TASK DIRECTIONS: Give back every line of the data exactly. Pictures are not part of the copy.

Extracted data entries:
--- --- ---

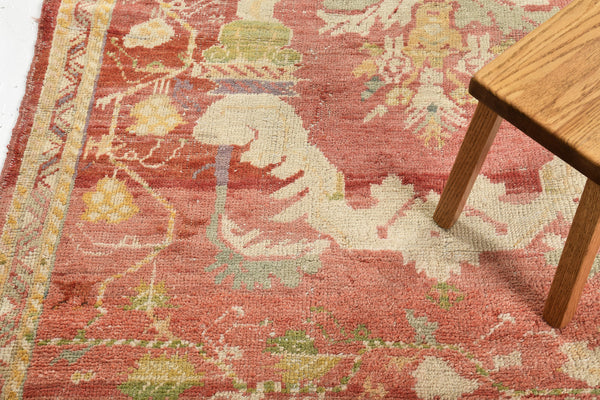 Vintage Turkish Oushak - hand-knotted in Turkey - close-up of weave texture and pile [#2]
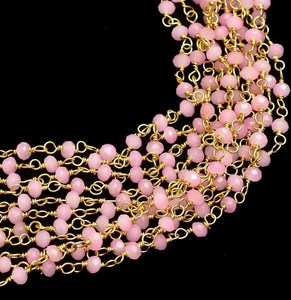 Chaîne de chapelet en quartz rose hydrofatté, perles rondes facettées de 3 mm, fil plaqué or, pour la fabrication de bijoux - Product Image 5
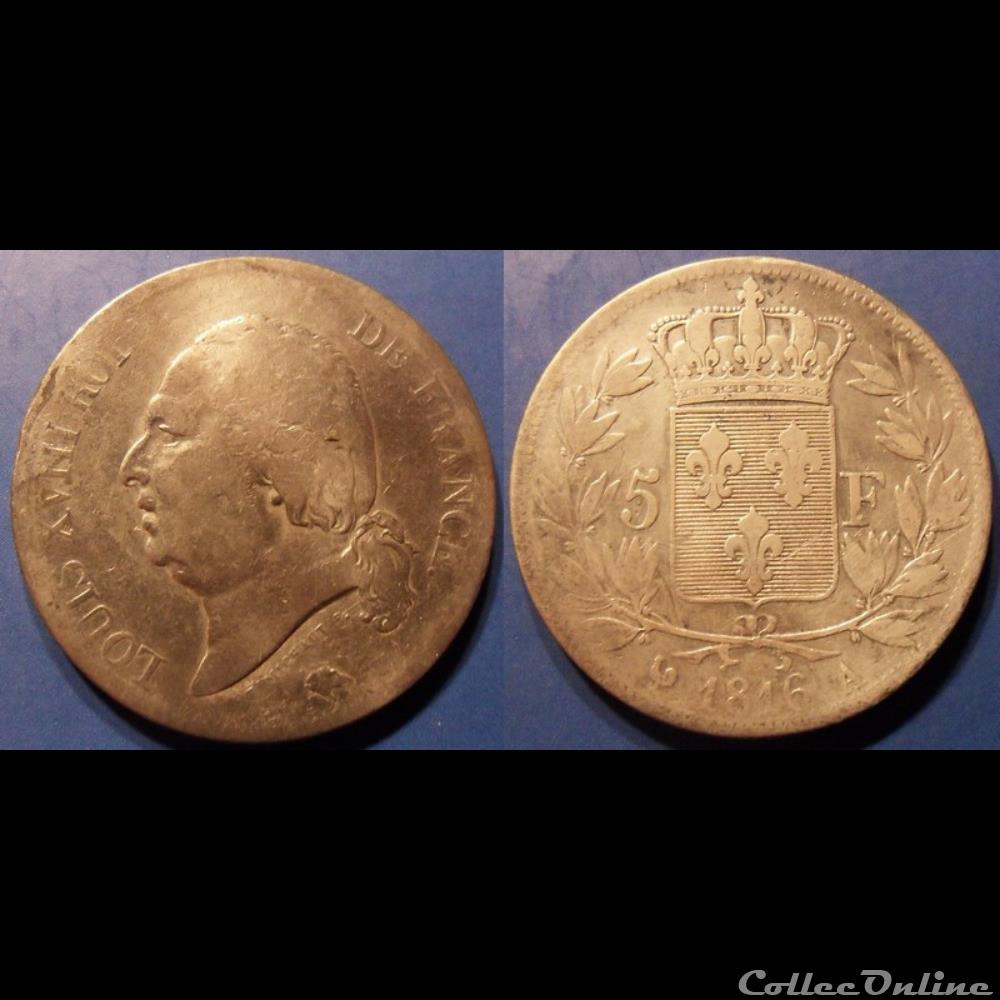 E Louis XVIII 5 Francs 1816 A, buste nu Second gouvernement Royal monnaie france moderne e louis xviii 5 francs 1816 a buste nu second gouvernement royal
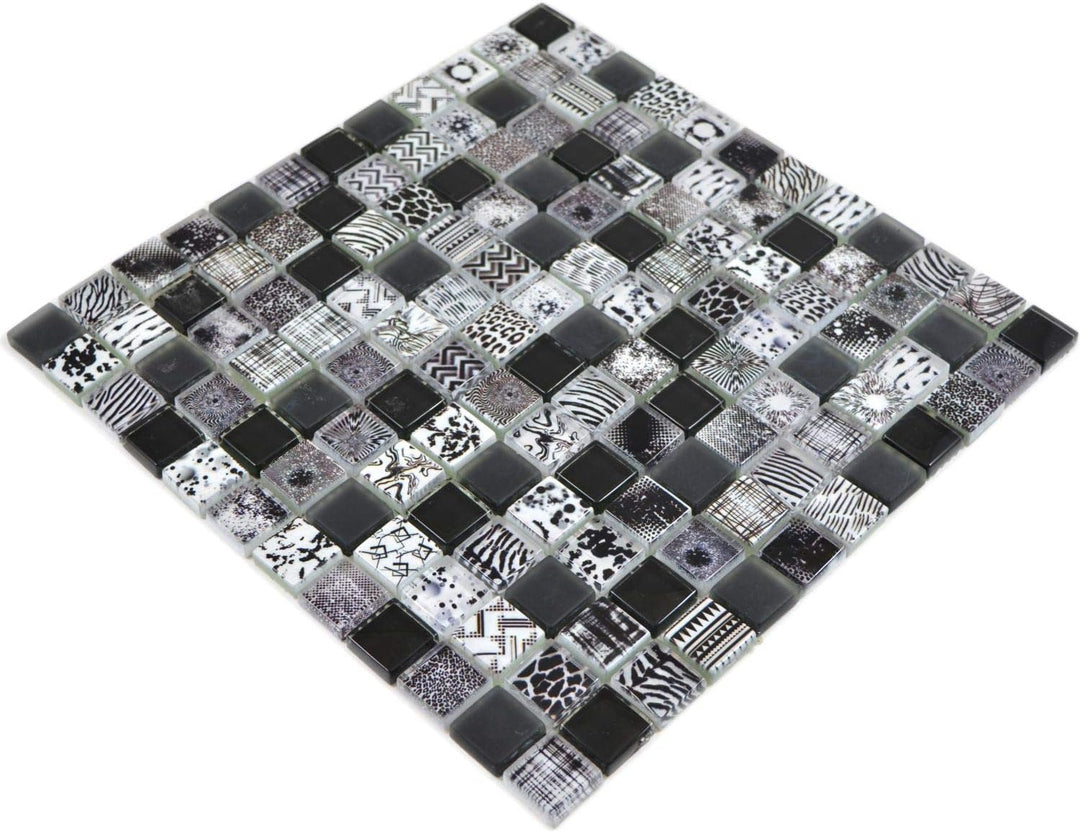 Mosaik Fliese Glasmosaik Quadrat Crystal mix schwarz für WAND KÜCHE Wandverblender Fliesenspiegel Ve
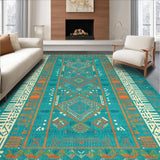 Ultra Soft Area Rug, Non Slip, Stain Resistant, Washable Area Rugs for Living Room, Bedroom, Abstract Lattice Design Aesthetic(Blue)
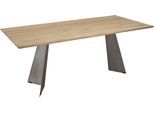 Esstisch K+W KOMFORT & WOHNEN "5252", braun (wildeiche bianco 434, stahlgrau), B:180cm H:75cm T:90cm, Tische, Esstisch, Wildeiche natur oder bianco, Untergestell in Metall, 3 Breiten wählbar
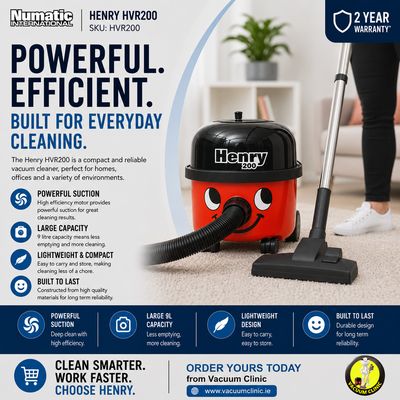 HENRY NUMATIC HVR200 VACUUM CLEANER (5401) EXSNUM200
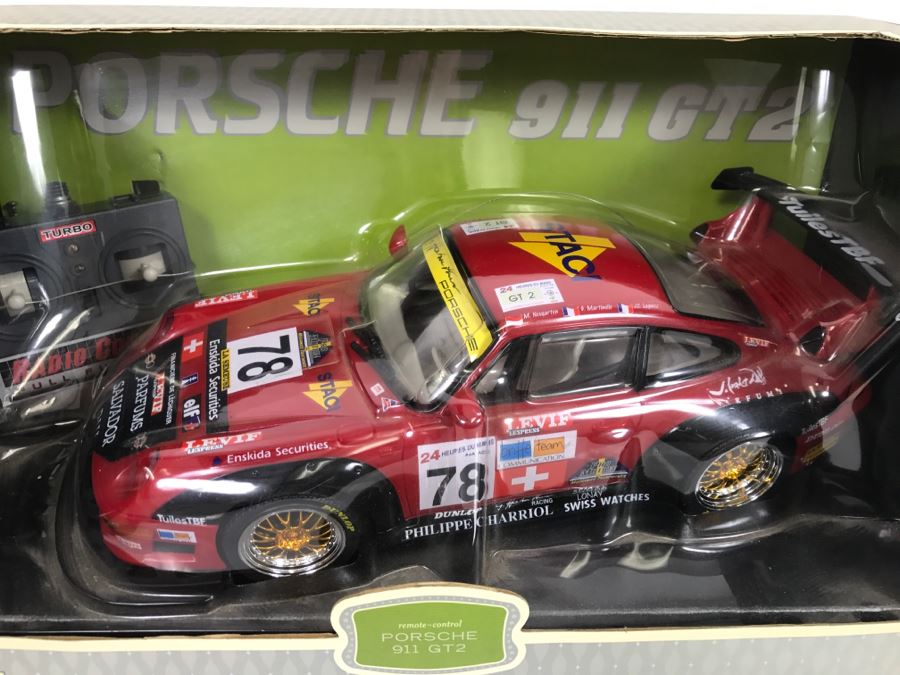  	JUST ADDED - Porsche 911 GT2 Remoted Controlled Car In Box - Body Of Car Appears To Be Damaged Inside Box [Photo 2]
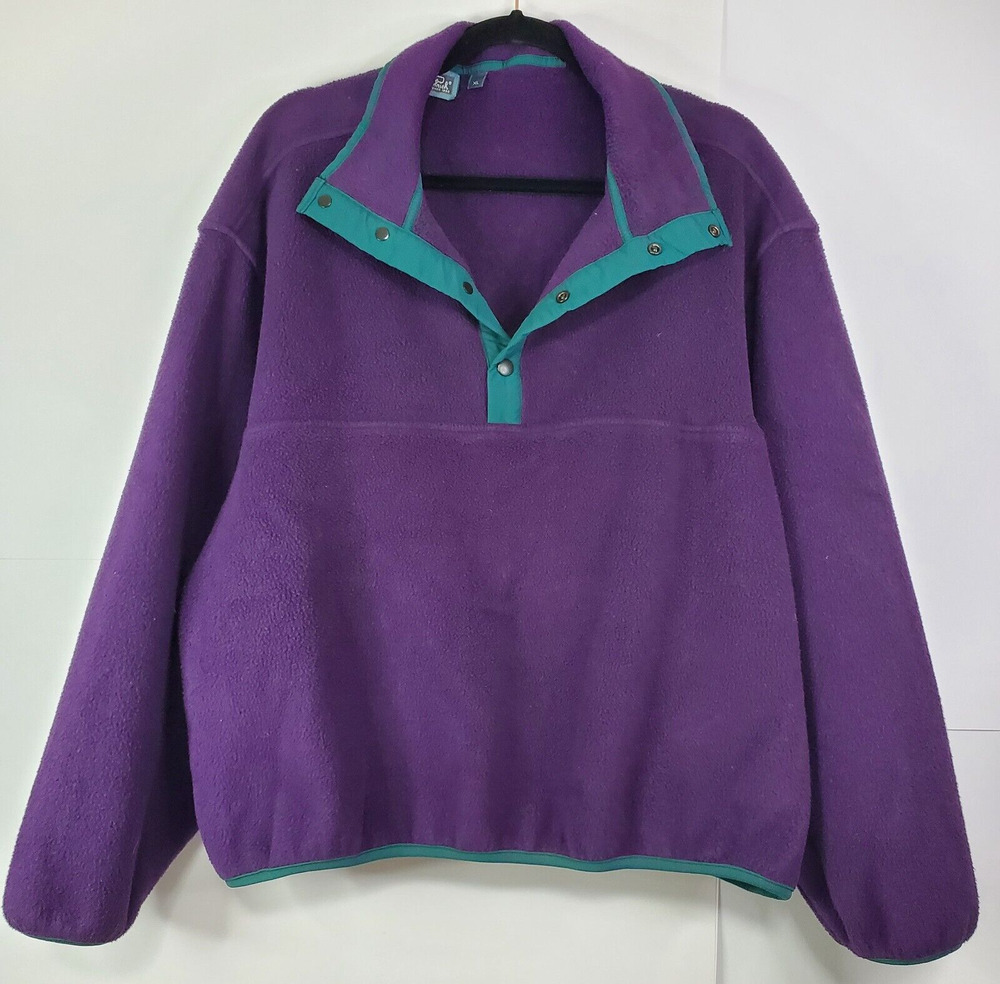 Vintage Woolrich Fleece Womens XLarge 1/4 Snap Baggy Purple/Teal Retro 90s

--- --- ---

SOLVED EXERCISE:
 Vintage Turkish Oushak - hand-knotted in Turkey - close-up of weave texture and pile [#2]
 Chaîne de chapelet en quartz rose hydrofatté, perles rondes facettées de 3 mm, fil plaqué or, pour la fabrication de bijoux - Product Image 5
 E Louis XVIII 5 Francs 1816 A, buste nu Second gouvernement Royal monnaie france moderne e louis xviii 5 francs 1816 a buste nu second gouvernement royal
 Mosaik Fliese Glasmosaik Quadrat Crystal mix schwarz für WAND KÜCHE Wandverblender Fliesenspiegel Ve
 Ultra Soft Area Rug, Non Slip, Stain Resistant, Washable Area Rugs for Living Room, Bedroom, Abstract Lattice Design Aesthetic(Blue)
 Esstisch K+W KOMFORT & WOHNEN "5252", braun (wildeiche bianco 434, stahlgrau), B:180cm H:75cm T:90cm, Tische, Esstisch, Wildeiche natur oder bianco, Untergestell in Metall, 3 Breiten wählbar
 HENRY NUMATIC HVR200 VACUUM CLEANER (5401) EXSNUM200
  	JUST ADDED - Porsche 911 GT2 Remoted Controlled Car In Box - Body Of Car Appears To Be Damaged Inside Box [Photo 2]
 Vintage Woolrich Fleece Womens XLarge 1/4 Snap Baggy Purple/Teal Retro 90s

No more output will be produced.